Collected data
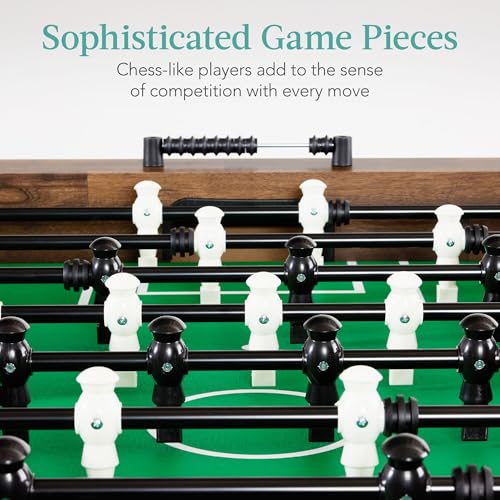 Best Choice Products Full Size 54 Inch Regulation Foosball Table for Home, Game Room - Includes 2 Balls, 2 Cup Holders - color: Walnut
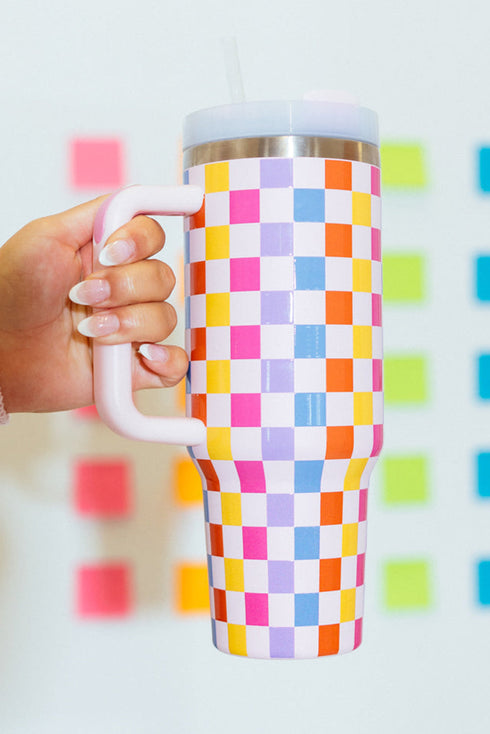 Checkered Print Alloy Vacuum Insulated Travel Tumbler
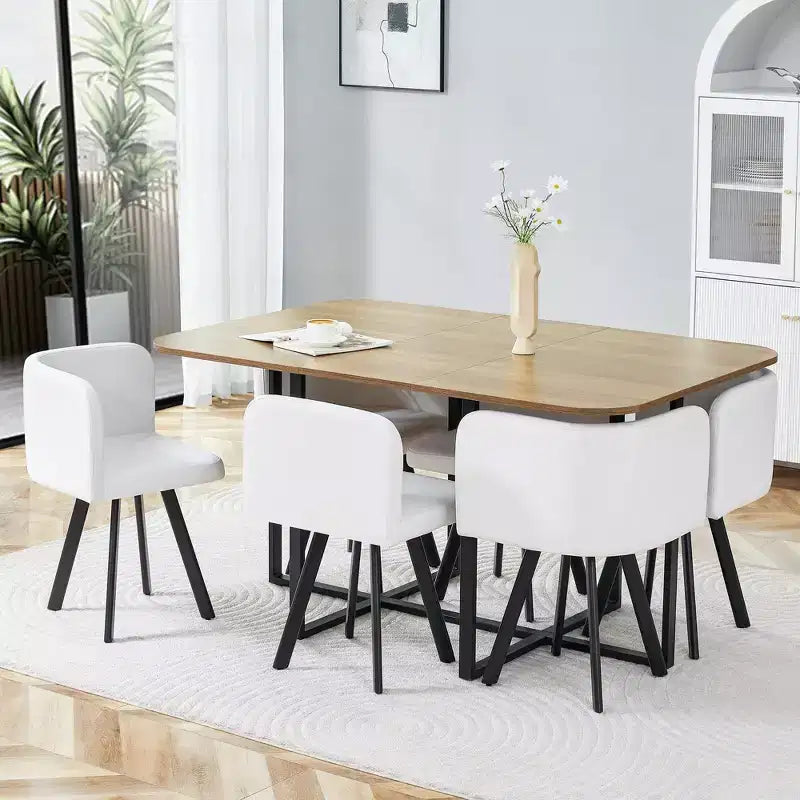 Ensemble de salle à manger 7 pièces Mauricio Modern GDFStudio avec table en bois, structure en métal et revêtement en similicuir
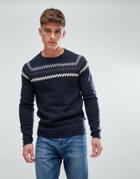 Solid Sweater With Zigzag Design - Navy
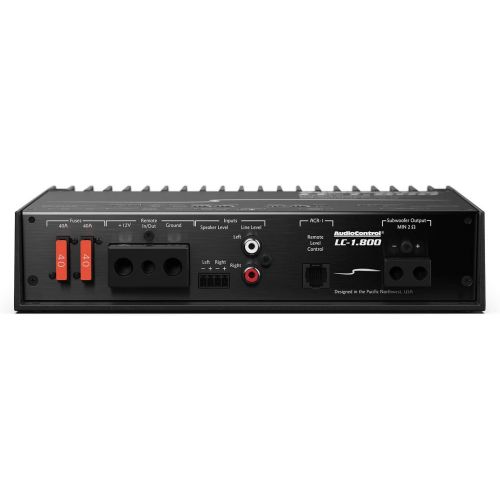  AudioControl LC-1.800 High-Power Mono Subwoofer Amplifier with Accubass, ACR-1 Dash Remote, and Wiring Kit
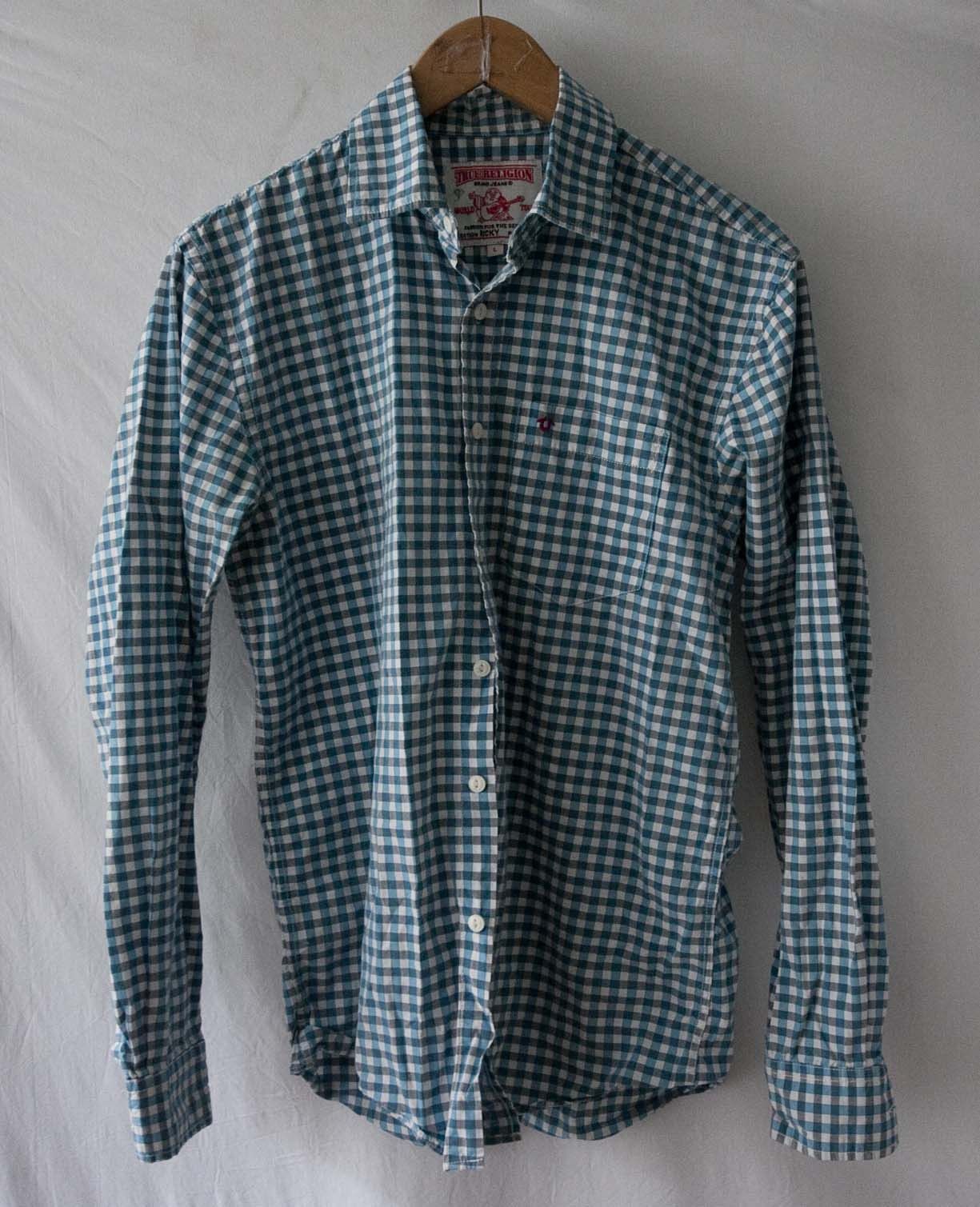 True Religion * True Religion Shirt Blue Plaid Size M | Grailed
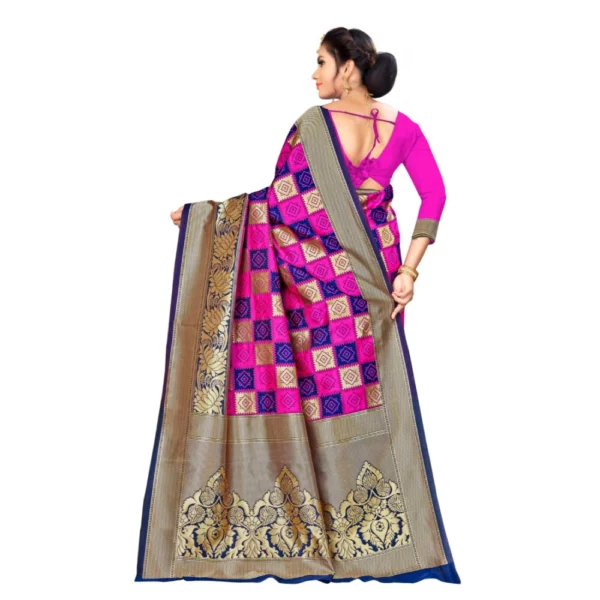 Women's Banarasi silk Saree with Blouse (Multi, 5-6mtr)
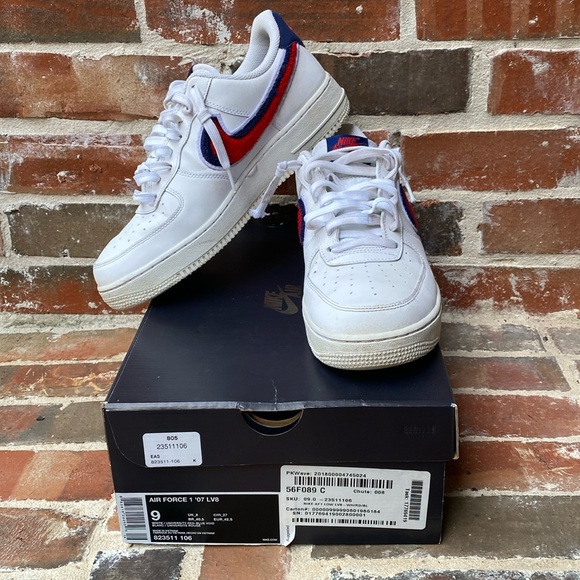 nike air force 1 low 07 lv8 red white blue
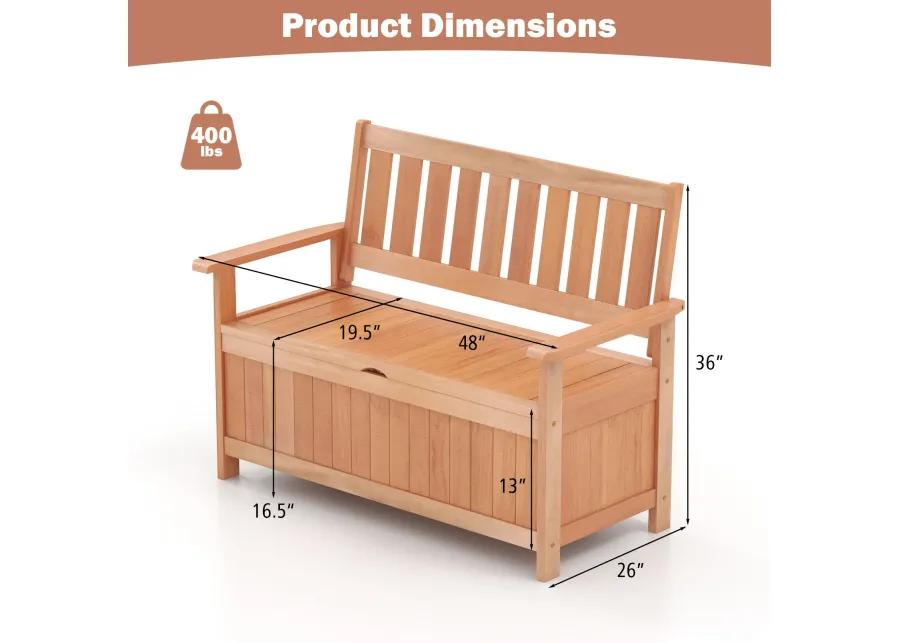 48 Inch Patio Hardwood Storage Bench with Slatted Backrest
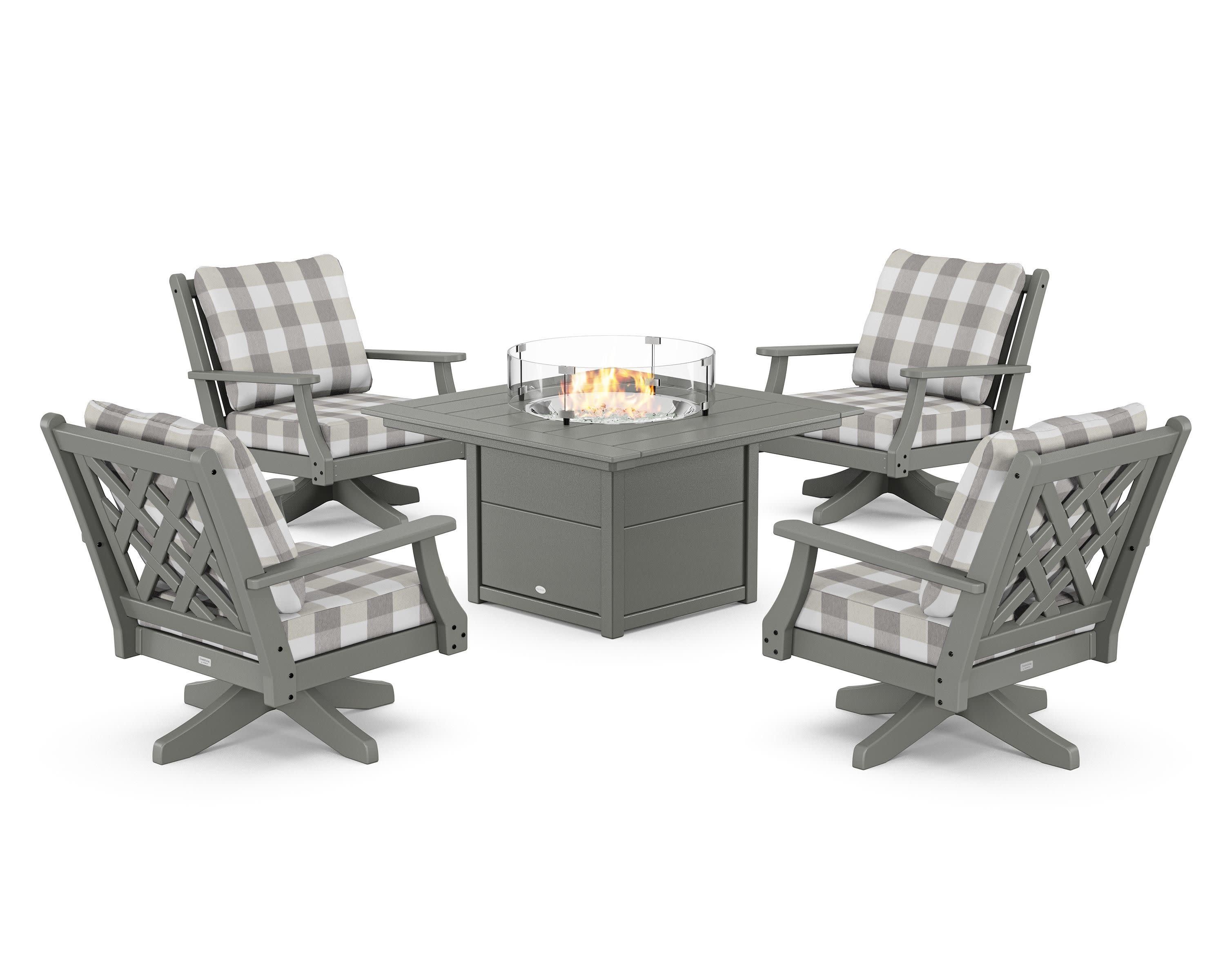 Wovendale 5-Piece Deep Seating Swivel Conversation Set with Fire Pit Table - Image 192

§ **WHAT TO DO**: Line for line, output the entries above from the line with "Checkered Print Alloy" to the line with "48 Inch Patio", both included, and nothing more. Skip pictures.

§ **RESPONSE**:
 Checkered Print Alloy Vacuum Insulated Travel Tumbler
 Ensemble de salle à manger 7 pièces Mauricio Modern GDFStudio avec table en bois, structure en métal et revêtement en similicuir
 Solid Sweater With Zigzag Design - Navy
  AudioControl LC-1.800 High-Power Mono Subwoofer Amplifier with Accubass, ACR-1 Dash Remote, and Wiring Kit
 True Religion * True Religion Shirt Blue Plaid Size M | Grailed
 Women's Banarasi silk Saree with Blouse (Multi, 5-6mtr)
 nike air force 1 low 07 lv8 red white blue
 48 Inch Patio Hardwood Storage Bench with Slatted Backrest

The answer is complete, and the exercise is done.